Parents want to do their best by their children – not all can. Parents who have drug or alcohol problems can be the source of very real and distressing problems for children
Many children in Britain are living with this. The University of Edinburgh’s Centre for Research in Families and Relationships worked with young people aged 15 to 27 years whose parents had this problem. We wanted to see what living with parental drug or alcohol use was like and what could be done to help. We found stories of great burdens imposed on children, but also great strength and resilience in the face of adversity. The young people in the study described how they had to take on parenting duties from an early age. Variously, they cooked, cleaned, got themselves up for school in the morning, looked after younger brothers and sisters and sometimes cared for parents themselves. It was common for them to say that parents had often not "been there" for them. Despite this, many of them recognised that parents wanted to be good parents. Some said that, despite their problems, their parents had managed to do their best for them. Having a drug or alcohol problem does not automatically disqualify a person from being a good parent.

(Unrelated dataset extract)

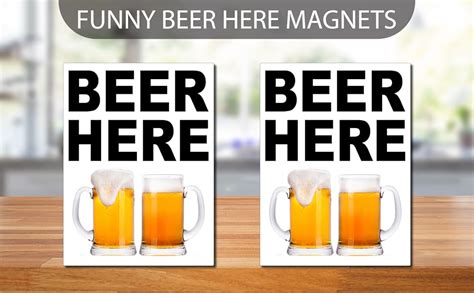 Funny Beer Fridge Magnet Beer Here Refrigerator Magnet Man Cave Bar Cart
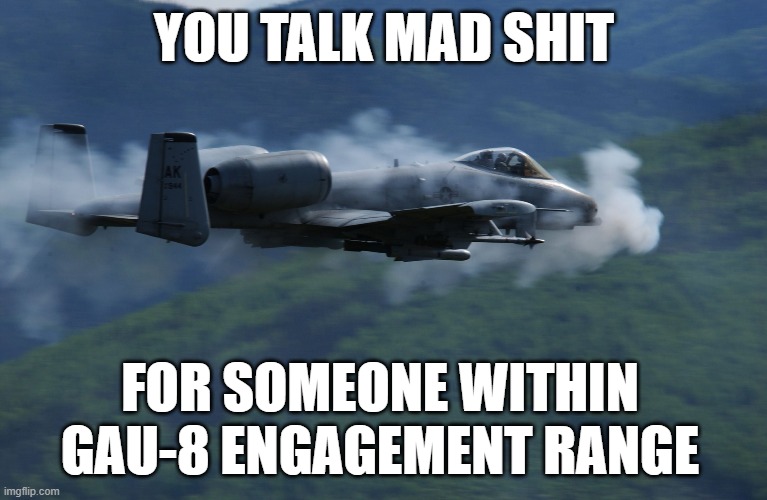 'MURICA RESPONDS | YOU TALK MAD SHIT; FOR SOMEONE WITHIN GAU-8 ENGAGEMENT RANGE | image tagged in a10,mad shit,talking mad shit | made w/ Imgflip meme maker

Being the child of someone with this problem does not always condemn you to a living hell. In both cases, it does make everyday life much more difficult. Parents cannot be the parents they want to be and children cannot be carefree children, but have to take on a weight of care, worry and responsibility.
What can be done? We talked to the young people about what helped them get through their experiences. They said that, although parents were often not able to fully look after them, they could show that they were looking out for them. They could show that they had the child’s interests at heart. When they felt that this was not the case, they felt especially isolated and alone and sometimes rejected the parent. Children endure a burden of silence about parental drug and alcohol problems. Those whose parents have drugs problems in particular feel they cannot talk to others about it, that it has to be surrounded by a wall of silence.
In one young man’s words: “Whatever you say, say nothing.”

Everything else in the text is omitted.